Dr. Gwenigale also lauded the Lutheran Church of Liberia for educating him. “I’m a medical doctor today because other people invested in me. And the people that did the most investment in me are the Lutheran Church people. All of what I am could not have been without this great church,” Dr. Gwenigale declared.
He thanked President Sirleaf for her leadership during the most difficult time in Liberia’s history, and for her resilience to remain steadfast, especially during the Ebola crisis.

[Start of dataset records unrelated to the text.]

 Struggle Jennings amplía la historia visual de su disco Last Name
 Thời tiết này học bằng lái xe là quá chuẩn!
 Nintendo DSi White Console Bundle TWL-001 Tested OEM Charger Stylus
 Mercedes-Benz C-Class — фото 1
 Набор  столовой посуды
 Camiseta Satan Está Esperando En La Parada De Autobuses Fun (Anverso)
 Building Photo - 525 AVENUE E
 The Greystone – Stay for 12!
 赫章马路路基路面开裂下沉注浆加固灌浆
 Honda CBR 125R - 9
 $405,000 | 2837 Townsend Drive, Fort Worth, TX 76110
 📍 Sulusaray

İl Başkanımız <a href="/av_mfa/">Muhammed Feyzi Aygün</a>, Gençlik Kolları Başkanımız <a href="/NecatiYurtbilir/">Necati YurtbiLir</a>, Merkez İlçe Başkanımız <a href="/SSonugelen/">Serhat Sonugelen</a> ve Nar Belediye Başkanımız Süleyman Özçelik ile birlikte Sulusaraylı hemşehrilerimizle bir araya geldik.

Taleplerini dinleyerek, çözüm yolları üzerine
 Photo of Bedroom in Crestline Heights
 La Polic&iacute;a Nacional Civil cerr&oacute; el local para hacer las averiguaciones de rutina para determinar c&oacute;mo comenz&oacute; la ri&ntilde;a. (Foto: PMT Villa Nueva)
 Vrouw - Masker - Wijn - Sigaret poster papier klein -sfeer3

The Doyen of the Cabinet, Foreign Minister Augustine Ngafuan, speaking on behalf of that group, said though they had drunk greatly from the fountain of knowledge of their veteran colleague, they will surely miss his presence during their meetings.
Presenting gifts on behalf of the cabinet was the Minister of Gender and Children, Madam Julia Duncan Cassell, who shared some of Dr. G’s famous lines, among them his advice to them to sometimes say no to the President.
The convocation ended and was followed by a commissioning ceremony for the new Ministers of Education, Health and Public Works and Ambassadors to Sierra Leone and the Kingdom of Saudi Arabia.